Escapou do academicismo do século XIX. E desbravou seu próprio caminho. Fascinado com a água e as flores. E, nelas, as cores. Fez uma imersão na paisagem de Giverny. Mergulhou no rio Sena. Construiu um lago. Plantou vitórias-régias. Produziu um bosque. Mandou fazer um barco-ateliê. Pintava enquanto navegava. E navegava enquanto pintava. Um pintor, navegador. E um navegador que se realizava como pintor.

No início da carreira, teve dificuldade de vender seus trabalhos. Investiu esforço durante uma década. E decidiu afastar-se do molde da pintura tradicional. Buscando pintar a beleza exterior. E decifrar o enigma do seu interior. Fixado nas cores. E na originalidade do traço fundante dos impressionistas. A obra seminal do movimento foi Impressão, o nascer do sol. Apresentada em Paris, em 1874. Um crítico, ironicamente, escreveu: “Estou impressionado”. Deu nome à escola.

Monet enviuvou. Formou nova família. Na reconstrução familiar, recebeu apoio do amigo Georges Clemenceau (1841-1929). Ex-primeiro-ministro da França. Monet retomou seu trabalho. Aprofundou a experiência impressionista. Veio a Primeira Guerra Mundial.

Seu filho foi recrutado para servir ao Exército francês. E seu amigo, Clemenceau, tornou-se ministro da Guerra. Ao final do conflito, visitando Monet, carregando o peso das batalhas da guerra e animado com a energia da obra do pintor, afirmou: “O mundo precisa de uma nova visão”. Ele ficou encantado com o espaço ecológico criado por Monet. A moldura fluvial do Sena. A arquitetura botânica dos nenúfares. Formando um cenário notável e estimulante.

Mas, com quase setenta anos, Monet percebe a perda gradual da vista. Viu-se obrigado a substituir a leveza das vitórias-régias por salgueiros-chorões. Enormes, densos, intrincados. Claro significado do sentimento agônico do pintor. Acossado pela cegueira, com a queda da instância que iluminava seu cinzel.            

Mais uma vez, valeu a amizade. Clemenceau, fora da política, sai de Paris. E vai dar suporte ao amigo no seu sofrimento em Giverny. E, aí, inspirada na amizade, a pintura de Monet retoma sua força criativa. Os salgueiros-chorões propiciam o salto abstrato de Monet. Um arco que vai do impressionismo ao voo abstracionista. Prenunciando a guinada contemporânea de outros pintores. Como Jackson Pollock. Do outro lado do Atlântico.

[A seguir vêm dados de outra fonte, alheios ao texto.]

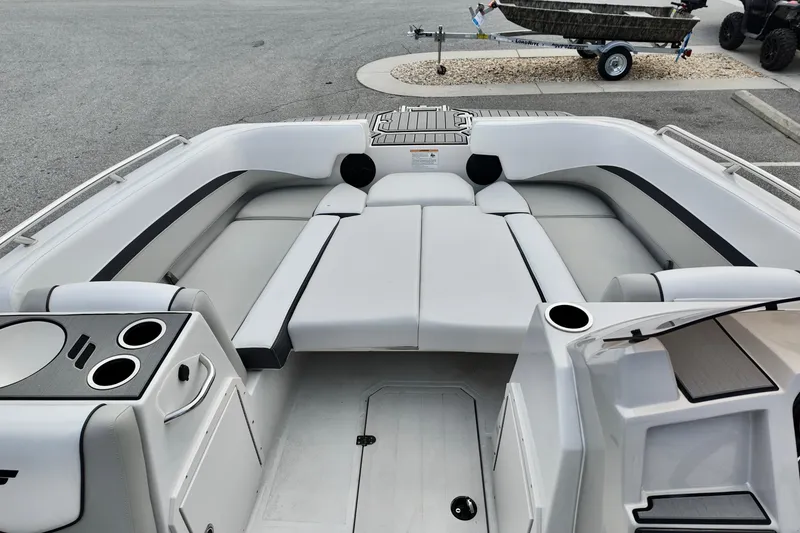 Slide: The Image of 2026 Starcraft SVX 191 OB boat interior with spacious seating and cup holders. - 11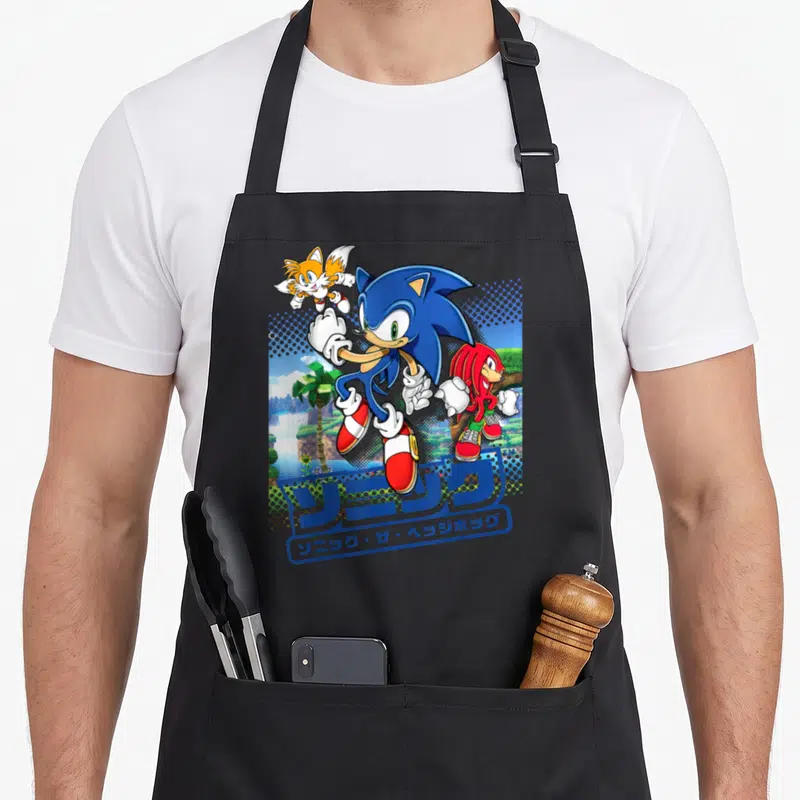 Funny friends apron - Sonic Tails and Knuckles running with Japanese text and tropical background — shown on a black cotton canvas apron against a white background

Nessa altura, em 1909, Monet faz uma exposição, em Paris, de quarenta telas. Sucesso absoluto. Uma magnífica visão da obra completa do artista. E de sua evolução como mestre da pintura. Um dos grandes do século XX.  Monet fez a doação do acervo ao povo da França. Ciente do gesto do amigo, antes de deixar o governo, Clemenceau determina a destinação de um museu para acolher as obras. Daí nasceu um dos pontos obrigatórios da arte do século XX: o Museu l’Orangerie.

Olhando a arquitetura da sala principal do museu, em formato oval, desenhada pelo próprio Monet, é possível sentir o aconchego de formas. Como se o formato ovalado incentivasse as pessoas a se aproximarem umas às outras. Reproduzindo, de certo modo, gesto de empatia. Vínculo de amizade que uniu duas expressões do gênio francês.

E, ao sair do l’Orangerie, pude ouvir, no sussurro da brisa que tocava meu rosto, ecos de conversa de amigos. Vinda do tempo. Tempo infindo. Que se prolonga no brilho das estrelas.